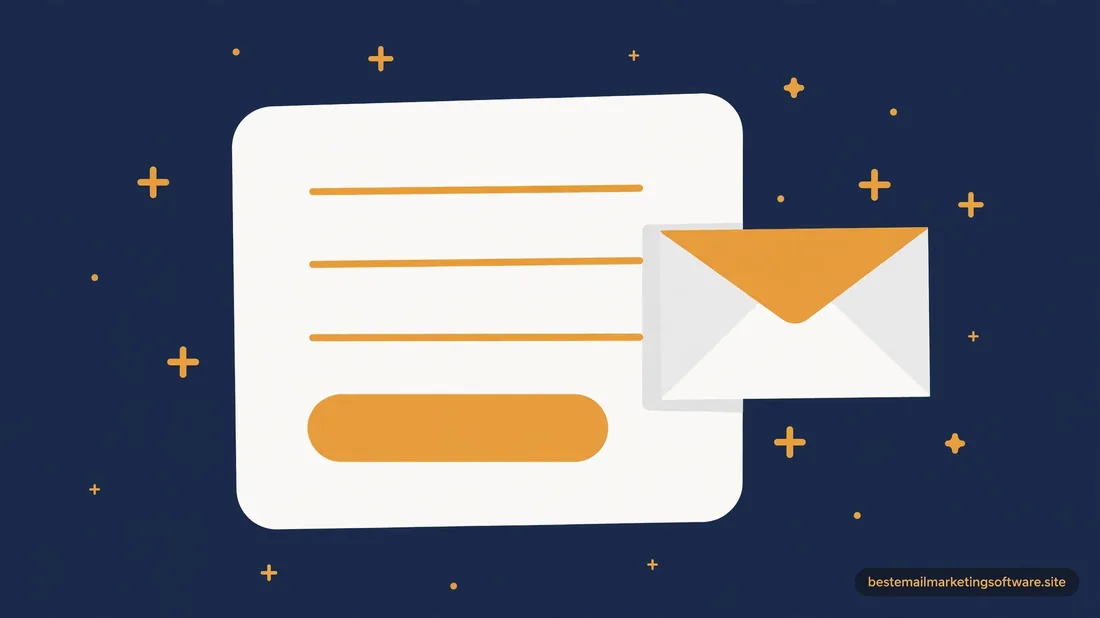 Flat illustration of a signup-form card with an envelope beside it in navy, white, and amber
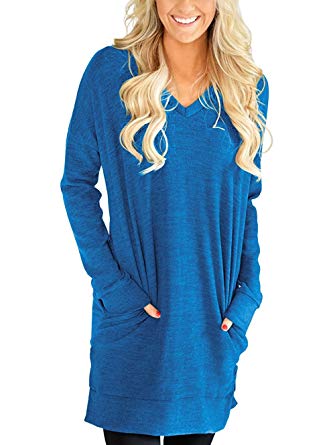 LERUCCI Womens Casual Long Sleeves Solid V-Neck Tunics Shirt Tops with Pockets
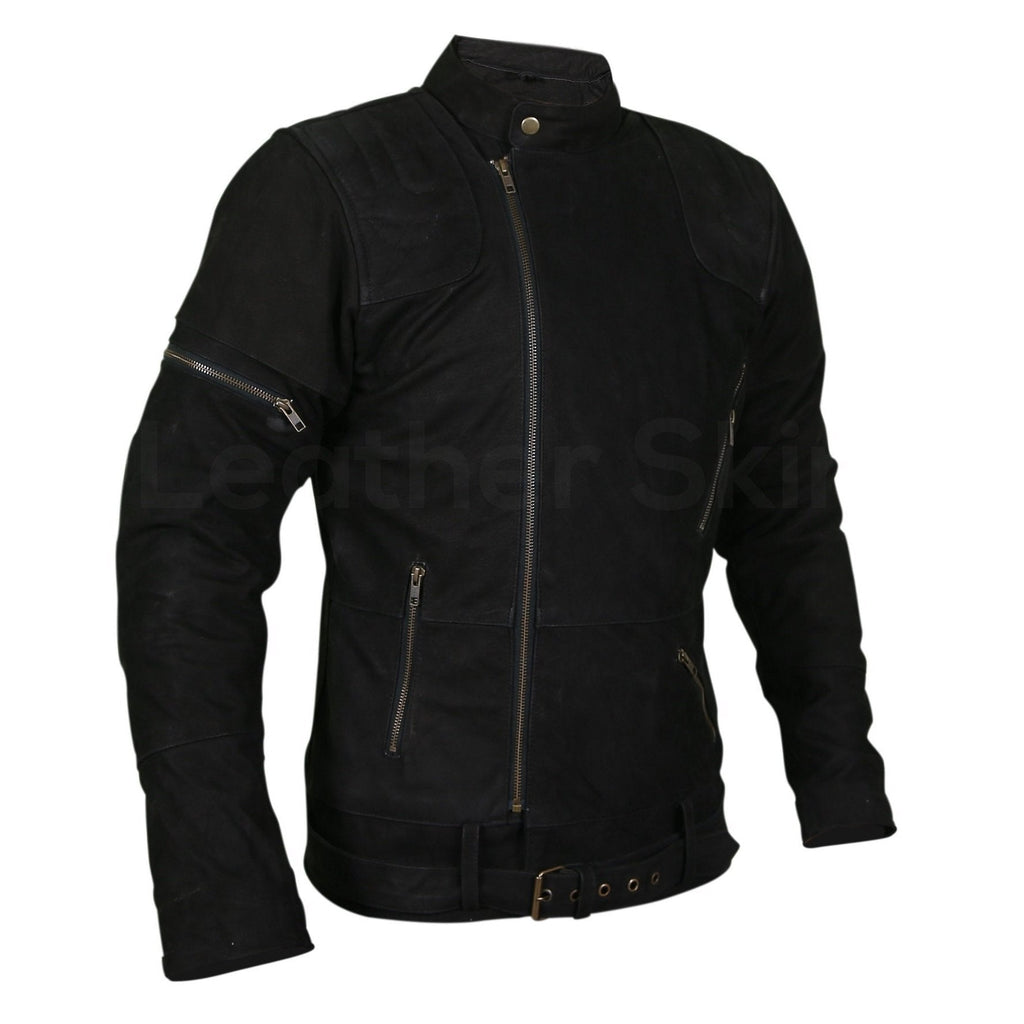 Men’s White Western Cowboy Suede Leather Jacket - Fringe Details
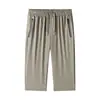 Directo del FabricanteMás Vendidos Shorts Unisex de Seda Helada Genuina Talla Grande, Pantalones Cortos Deportivos Finos de Secado Rápido Rectos para Hombre de Longitud 7/8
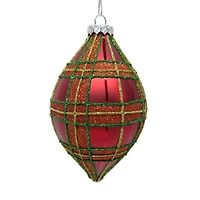 5.5" Red Glitter Plaid Glass Onion Ornament by Ashland®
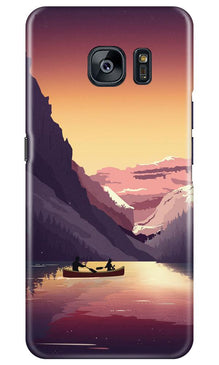 Mountains Boat Mobile Back Case for Samsung Galaxy S7 Edge (Design - 181)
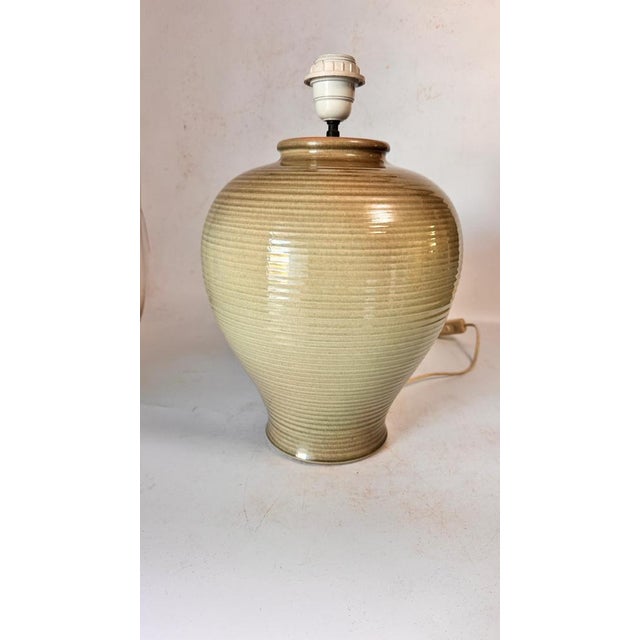 Brown Large Table Lamp in Ceramic, France, 1970 For Sale - Image 8 of 9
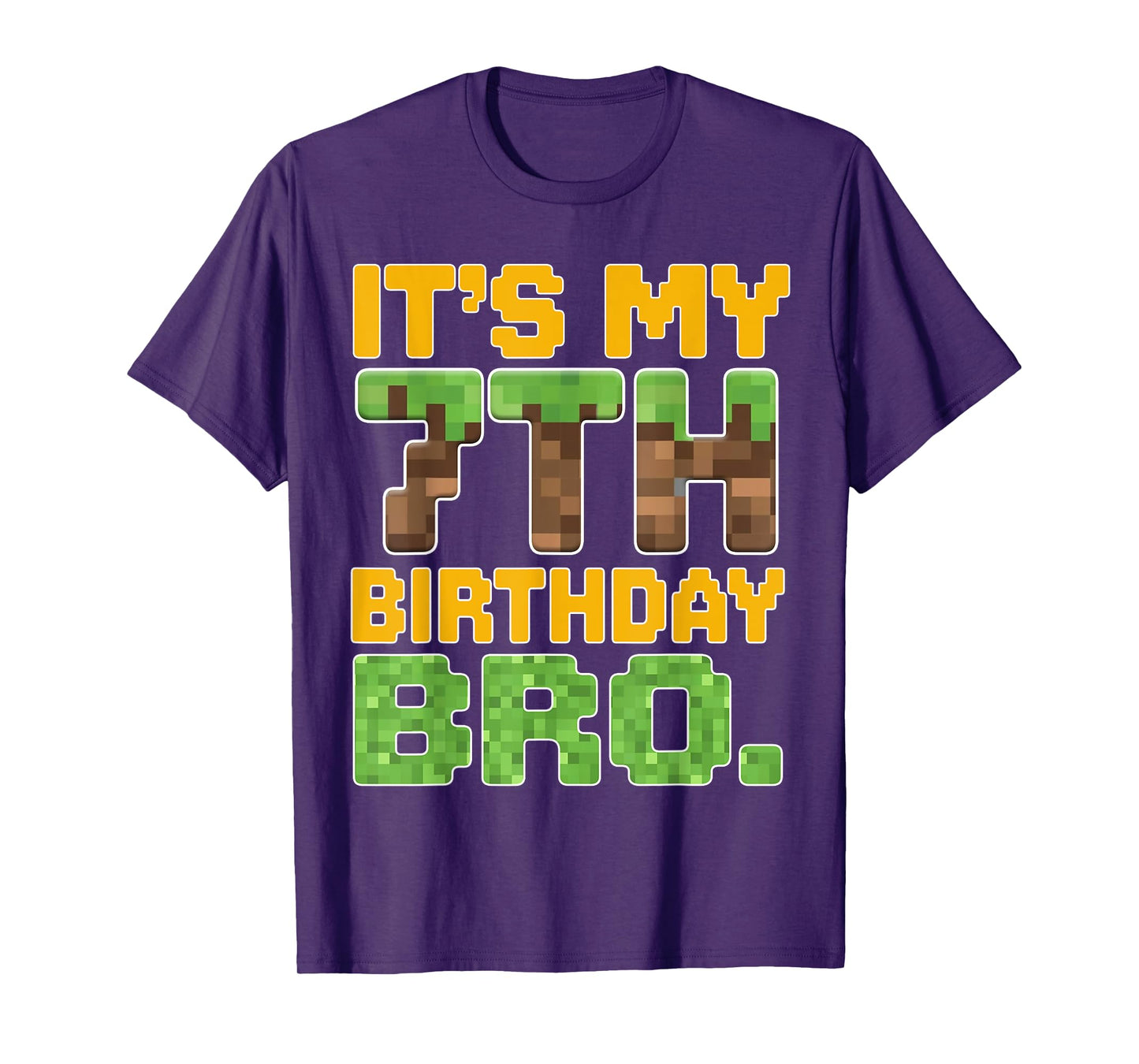 Funny It's My 7th Birthday Bro Video Game Pixel Bday Boy T-Shirt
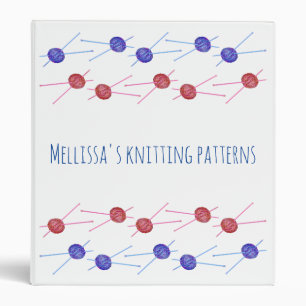 Knitting needles, for patterns, with your name binder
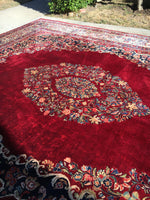 15 x 18 Antique Oversize full pile rug - Blue Parakeet Rugs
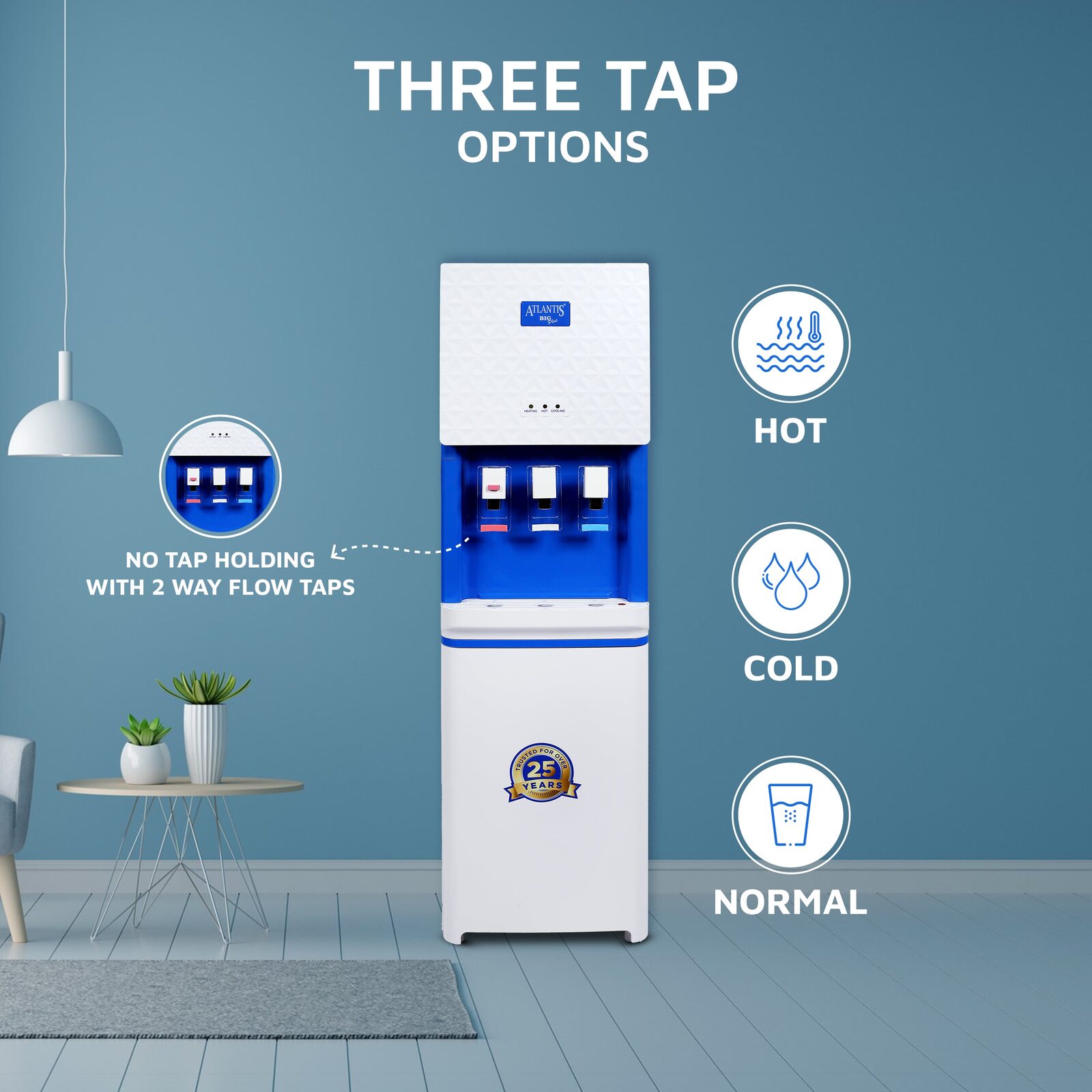 ATLANTIS BIG PLUS Floor Standing Water Dispenser - Available Space for RO Setup-3 Taps view 2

# What this task involves:
Repeat word for word the lines starting at the one with "Ornament by Ashland®" and ending at the final line of the records above, both included; no pictures.

# Task result:
 5.5" Red Glitter Plaid Glass Onion Ornament by Ashland®
 Mountains Boat Mobile Back Case for Samsung Galaxy S7 Edge (Design - 181)
 Brown Large Table Lamp in Ceramic, France, 1970 For Sale - Image 8 of 9
 Funny It's My 7th Birthday Bro Video Game Pixel Bday Boy T-Shirt
 Knitting needles, for patterns, with your name binder
 15 x 18 Antique Oversize full pile rug - Blue Parakeet Rugs
 ATLANTIS BIG PLUS Floor Standing Water Dispenser - Available Space for RO Setup-3 Taps view 2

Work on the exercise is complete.